From Marion: “A palliative nurse came to see us at home in the autumn of 2010. She said, ‘On a scale of one to seven, how would you rate your quality of life?’ There was a long pause while we digested this madness. Tom, slightly absent, lightly bored, said thoughtfully, ‘That’s a ridiculous question. Obviously we go—“Oh God” all the time, at all the stuff to be done. But generally it is wonderful. We are interested.”

From Tom: “Mortal. We occupy a limited patch of space for a limited patch of time. Like the art of realistic paintings: pictures hold an equivalent in the confined areas which they enframe, and the brief narratives they represent…We know the deal. We’re bodies. We are not in our own hands.”

Marion’s life continues. Tom’s life does not. But these books do. And what they “enframe” for us is wisdom, self-compassion and love. And this thing that we all do until death—we try to put life into words.

Saturday, September 2, 2017

Grow Your Own Mother

Last week on vacation I read, “Will I Ever Be Good Enough?” by Karyl McBride, PhD. It is about healing and growth for daughters of narcissistic mothers.
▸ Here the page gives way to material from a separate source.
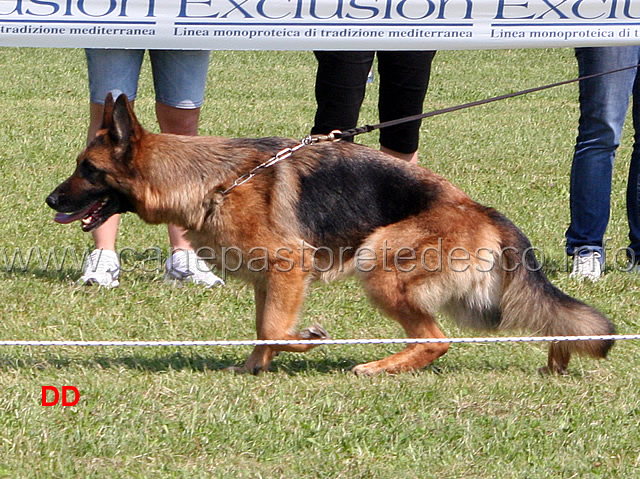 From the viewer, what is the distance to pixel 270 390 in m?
3.76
McBride writes about the persistent feeling of never being good enough and the invisibility that accrue to women whose mothers were on the continuum from self-absorbed to full-blown narcissist.

Part of the recovery that McBride suggests is developing an internal mother who is all the things that one’s real mother was not able to be. 


So, at the beach I began to envision what that new mother of mine might be like. I began to imagine borrowing parts of other women—and some men—to grow my own mother.

To be fair I did include many of the great qualities of my own real Mom: passion, curiosity, charity, physical energy and humor. But, as I walked the beach, I began to name the people who I would include as I grow my internal mother.

I added in bits of Georgia O’Keefe, May Sarton, parts of some good friends whom I’d want to have as part of my eternal mom-in-me. I also added in my two grandmothers: Josephine and Sophia. I never met them, but I knew of them.

But could I pass up a grandmother named Sophia—wisdom—in building my inner mother? And Josephine, my maternal grandmother) who was a professional a poker player and the neighborhood “reproductive health advocate” (she helped women in poverty to limit the size of their families.)  As I walked the beach I wrote the names of these woman in the sand, physically co-signing the new mother-in-me.

I picture this mom-in-me growing kind of like one of those pills you drop in water to delight a child. After soaking up lots of water the foamy pill blossoms into a seahorse or dragon. Now, soaked in lots of saltwater—both ocean and tears--I am growing my own mother.